It is the year 2005. An everyman — let us call him “Jim”— buys a house for $400,000.

The house is actually worth $200,000, but its price has risen dramatically because, for whatever reason, lots of investors have been buying houses lately.

Jim cannot afford this house because he makes $20,000 per year, but he is able to acquire a mortgage anyway from “Lender A,” who charges him a high interest rate because he can’t afford the mortgage in the first place. Lender A then sells Jim’s mortgage to a company called, for the sake of illustration, “Lehman Brothers.”

After Jim has paid about $10,000 on the mortgage, he stops paying because he can no longer keep pace with the interest. Lender A forecloses on the house, which is now selling for $200,000 because everyone has stopped buying houses and has moved onto buying other things (like subprime mortgage funds). Given that Lender A now has $210,000 to pay to the holders of a $400,000 mortgage, how much has Lehman Brothers lost?

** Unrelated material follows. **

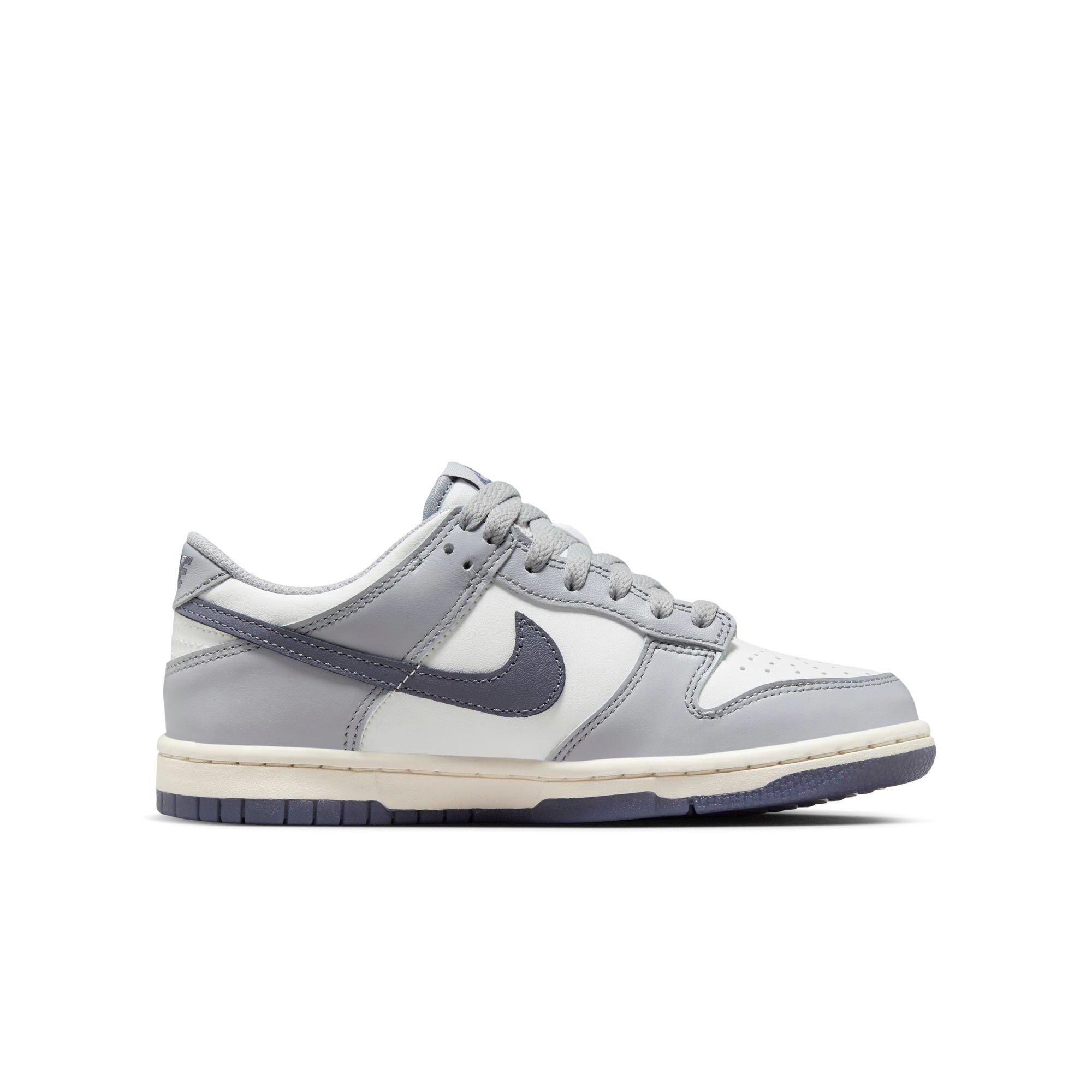 Nike Dunk Low "Summit White/Light Carbon/Wolf Grey" Grade School Boys' Shoe - WHITE/GREY Thumbnail View 2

This sounds like a simple problem of subtraction, but it is in fact a question so thorny that years from now, experts will still be trying to decipher the complex financial implications of the deals that led Lehman and other major investment firms to their collapse. Even a partial explanation of how Lehman Brothers accumulated over $600 billion in debt would need to involve lengthy and bewildering discussion of “tranching,” “hedging,” and “leveraging”; “CMOs” and “CDOs.”

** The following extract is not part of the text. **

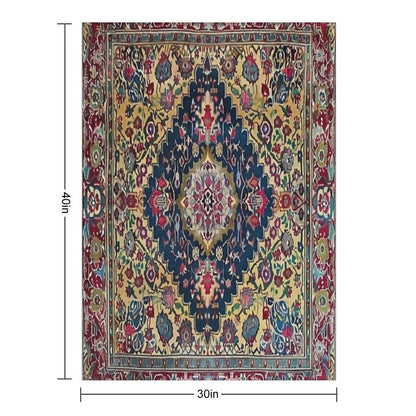 Vintage Antique Persian Carpet Flowery Sustainable Throw Blanket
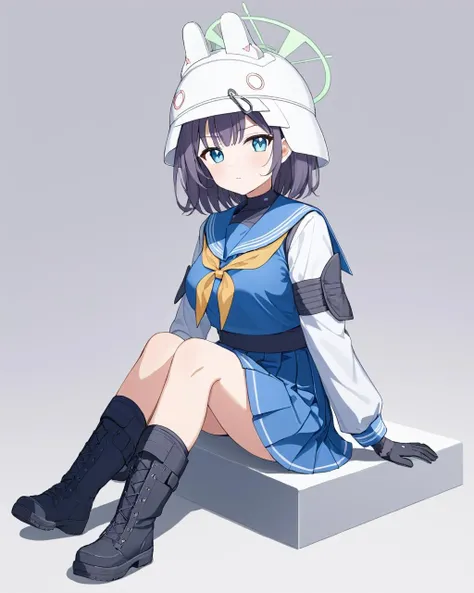 saki \(blue archive\),1girl, helmet, knee_pads, solo, halo, black_gloves, sitting, boots, yellow_neckerchief, butterfly, black_footwear, blue_sailor_collar, long_sleeves, closed_mouth, blush, blue_skirt, blue_serafuku, cross-laced_footwear, pleated_skirt, white_background
<lora:saki_(blue_archive)_image1485_2023-11-28-000012:1>halo. gorgeous,key visual, vibrant, studio anime,award-winning, professional, highly detailed,high budget, cinemascope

When the narrative is framed in these terms, we realize a fundamental truth about investing: it’s hard to understand, and it’s apparently even harder to make any money doing it. Investing is so hard to do, in fact, that all five of the major investment banks in America have disappeared in the space of a single year.

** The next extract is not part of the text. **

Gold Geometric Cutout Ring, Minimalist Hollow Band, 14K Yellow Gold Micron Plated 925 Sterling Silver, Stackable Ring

Predictably, this has invited a stampede of blame-mongering commentary. Editorialists now bandy about highfalutin phrases like “uncontrolled avarice” and “irrational exuberance” to condemn the behavior of Wall Street executives leading up to the subprime mortgage crisis. In one particularly shrill article in Time Magazine, Andy Serwer and Allan Sloan allege that Wall Street firms “created, bought, sold and traded securities that were too complex for them to fully understand.”

Serwer and Sloan, like many other financial commentators, try to cast Lehman as a firm suffering from a lack of coherent leadership, shambling mindlessly after each new fad investment. Yet if this portrayal is accurate, then why was Lehman Brothers CEO Richard Fuld compensated with nearly half a billion dollars in salary, bonuses, and stock options from the company? Would the board of directors really have agreed to pay Fuld this much money if he were anything short of a modern Midas, a genuine financial visionary? The mere suggestion of this is laughable to anyone who is even remotely acquainted with the principles of the Free Market.

Moreover, Lehman employed thousands of highly paid analysts who worked eighty-hour weeks to boldly explore new investment strategies. Many of these analysts held degrees from Ivy League schools?and we all know how seldom the Ivy League produces incompetent people.

No, Lehman Brothers did not collapse because it was an inept company- on the contrary, it was one of the most brilliant investing firms in the world. It enjoyed such an overflow of intellectual capital that it was given to sharing pearls of wisdom on its Website in articles with sharp titles like “A Tactical Case for Deep Value” and “The Business of Climate Change” (required reading for those who are interested in emulating its fiscal strategies). If Lehman, with its incredible pool of brains and financial resources, could not turn a profit by investing, then I cannot imagine how anyone else could be capable of doing so.

Some observers seem to think that the government can succeed where the great minds at Lehman failed, and clamor for expanded federal regulation of Wall Street. I, on the other hand, firmly contend that we should allow the Free Market to heal the current crisis naturally.

As firms begin to realize that investment is no longer a profitable pursuit, they will begin to move out of the field entirely. We have already seen this process at work in the past week, as the last two major investment banks, Morgan Stanley and Goldman Sachs, have converted themselves into bank holding companies. I predict that over time, this ruinous strategy called “investing” will be abandoned entirely, rendering moot any effort that will have been spent on regulation.

In the meantime, if Yale’s chief investment officer, David Swensen, is the financial visionary that people claim that he is, then he will divest Yale’s endowment — not from Darfur, as students have demanded in recent years, but from investment in general. Instead, we should convert the money into simple, functional items, such as shovels, grain, and space heaters. If current trends are any indication, the barter system is going to be pretty hot in the coming years.